The code is written in the Julia language and requires Julia v.0.7.

*.jl files contain necessary functions, and the notebooks illustrate the use and show the plots comparing the three geometries.

GeometricSampling.jl -- functions for sampling and distance

AverageBettis.jl -- functions for computing and plotting average Betti curves

sampling.ipynb -- notebook illustrating sampling

betti_curves.ipynb -- notebook containing average Betti curves

Required packages

GeometricSampling.jl requires the following Julia packages: LinearAlgebra

AverageBettis.jl requires the following packages: Plots, Eirene, Ripser, Statistics

To intall a package, open Julia command line promt and type ].

The prompt should change from julia> to (vX.X) pkg> where X.X is the installed version of Julia, indicating that you enterted the package manager. Use add to install packages. You can install multiple packages by listing them after add, separated by spaces.

(v0.7) pkg> add LinearAlgebra Plots Eirene Ripser Statistics

To update all packages, run

(v0.7) pkg> update

To exit the package manager and get back to Julia REPL, use backspace or ^C.


This isn't a package (yet), so to use the functions, download the file into the working directory and run:

julia> include("[filename].jl")

Sampling (GeometricSampling.jl)

GeometricSampling.jl contains functions for sampling from different geometries and coomputing distances. Only sampling within a ball of radius 1 and in curvature 0, +1, -1 are implemented as of 02/08/2019.

Sample ball

sample_ball(d::Int, numofpts=1, curvature=0.0, radius=1.0)::Array{Array{Float64,1},1}

Uniformly sample n=numofpts points in a ball of dimension d or radius radius, in a space with constant curvature curvature.

Note: This returns an array of coordinates of the Euclidian representation of the points (i.e. points within the Poincare disk for curvature < 0, or points in the upper d+1 hemisphere for curvature > 0).

sample_hyp(d::Int, numofpts=1, curvature=-1.0, radius=1.0)::Array{Array{Float64,1},1}
sample_euc(d::Int, numofpts=1, radius=1.0)::Array{Array{Float64,1},1}
sample_sph(d::Int, numofpts=1, curvature= 1.0, radius=1.0)::Array{Array{Float64,1},1}

Aliases for sample_ball in hyperbolic/Euclidian/spherical space respectively.
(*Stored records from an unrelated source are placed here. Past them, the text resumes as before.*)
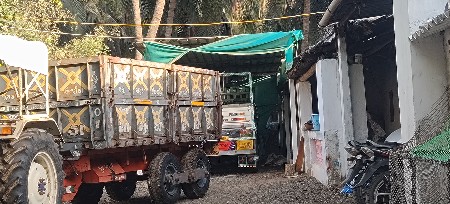 ટેલર.વેચવાનુ.છે.બુક.નથી.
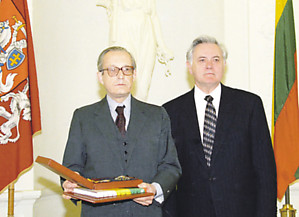 1999 m. Prezidentas Valdas Adamkus K. Lozoraičiui įteikė Gedimino ordino Komandoro didžiojo kryžiaus apdovanojimą („Lietuvos ryto“ archyvo nuotr.)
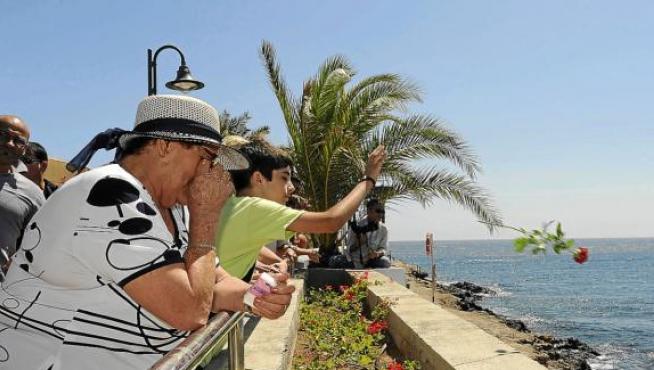 Familiares de fallecidos en el accidente lanzan flores al mar, ayer en Ojos de Garza (Gran Canaria).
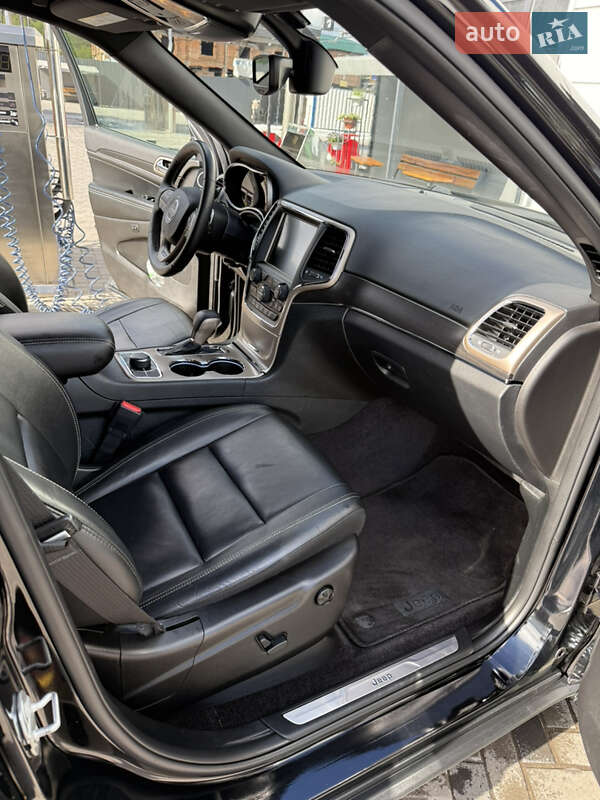 Позашляховик / Кросовер Jeep Grand Cherokee 2017 в Полтаві фото 8 Позашляховик / Кросовер Jeep Grand Cherokee 2017 в Полтаві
sample_sphere(d::Int, numofpts::Int=1, radius=1.0)::Array{Array{Float64,1},1}

Uniformly sample n=numofpts points on the surface of a sphere in d-dimensional Euclidian space (so a (d-1)-sphere) of radius radius.


distance_matrix(pts::Array{Array{Float64,1},1}; curvature=0.0)::Array{Float64, 2}

Returns the distance matrix for the collection of points pts, i.e. the (i,j)th entry is the distance between pts[i] and pts[j], in the space with curvature curvature.
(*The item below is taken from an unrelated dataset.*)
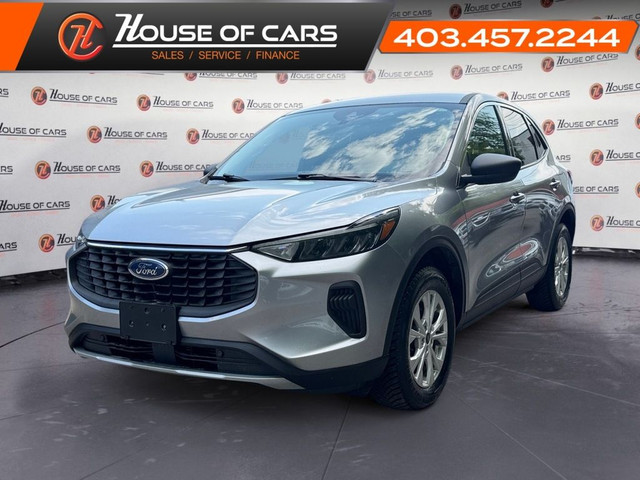 2023 Ford Escape Active AWD Bluetooth Backup Camera Bluetooth in Cars & Trucks in Calgary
hyp_distance(pts::Array{Array{Float64,1},1}; curvature=-1.0)
sph_distance(pts::Array{Array{Float64,1},1}; curvature=1.0)

Aliases for distance_matrix in the hyperbolic, Euclidian, and spherical space respectively.

Additional general-purpose functions

rejection_sampling(dens::Function, maxval::Float64, numofpts=1)::Array{Array{Float64,1},1}

Perform the simplest version of the rejection sampling of n=numofpts points from the density function dens, assuming that the support of the density function is [0, maxval]. The proposal distribution is taken to be the unifrom distribution on [0, dens(maxval)].


Convert a symmetric n x n matrix to a density matrix, i.e. replace matr[i,j] with the the number of entries in the upper triangle of matr that are less than matr[i,j], divided by \binom{n}{2}. This ensures that the matrix entries are on [0,1] scale while preserving the Vietoris-Rips complex of the matrix.

Betti curves (AverageBettis.jl)

AverageBettis.jl contains functions for computing and plotting average Betti curves.

Compute Betti numbers of the Vietoris-Rips complex defined by the distance matrix matr up to dimension maxdim. Parameters mintime, maxtime, numofsteps define the filtration, where mintime and maxtime is the start and end points of the filtration, and numofsteps is the number of steps in the filtration. Parameter method determines the software to use for persistent homology (possible values method=:ripser for Ripser.jl and method=:eirene for Eirene.jl).

Returns numofsteps x maxdim matrix, where (i,j)'th entry is the jth Betti number at filtration step i. Betti_0 is discarded.


Assuming arrs is array of outputs of bettis(..) of same size, find average values for Betti numbers for each point in the filtration for each dimesion.


Assuming arrs is array of outputs of bettis(..) of same size, find standard deviations for Betti numbers for each point in the filtration for each dimesion.

plot_averages!(xvals, means, stds; ribbon=true, label="", linestyle=:solid, color=:auto)

Plot average Betti curves means with standard deviations stds at filtration values given by xvals. Ribbon parameter determins whether to plot the error ribbon (of width=standard deviation) around the curve.

Plot average Betti curves means with standard deviations stds at filtration values given by xvals. Ribbon parameter determins whether to plot the error ribbon (of width=standard deviation) around the curve.


plot_averages!(xvals, file::String; dim=1, ribbon=true, label="", linestyle=:solid, color=:auto)

Plot average Betti curves in dimension dim at filtration values given by xvals, given that file contains all the Betti numbers (e.g. it contains many outputs of bettis).